Exercise material:
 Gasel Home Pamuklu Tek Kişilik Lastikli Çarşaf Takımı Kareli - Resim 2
...
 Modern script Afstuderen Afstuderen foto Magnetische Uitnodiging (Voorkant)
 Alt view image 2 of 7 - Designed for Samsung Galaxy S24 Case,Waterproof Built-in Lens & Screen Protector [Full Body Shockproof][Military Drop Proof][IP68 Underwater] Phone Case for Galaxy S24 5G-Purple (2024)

Problem to work on: Please reproduce exactly the lines in the listing above from the one containing "Modern script Afstuderen" through the one containing "Alt view image", both included, and nothing more.

Worked solution:
 Modern script Afstuderen Afstuderen foto Magnetische Uitnodiging (Voorkant)
 Alt view image 2 of 7 - Designed for Samsung Galaxy S24 Case,Waterproof Built-in Lens & Screen Protector [Full Body Shockproof][Military Drop Proof][IP68 Underwater] Phone Case for Galaxy S24 5G-Purple (2024)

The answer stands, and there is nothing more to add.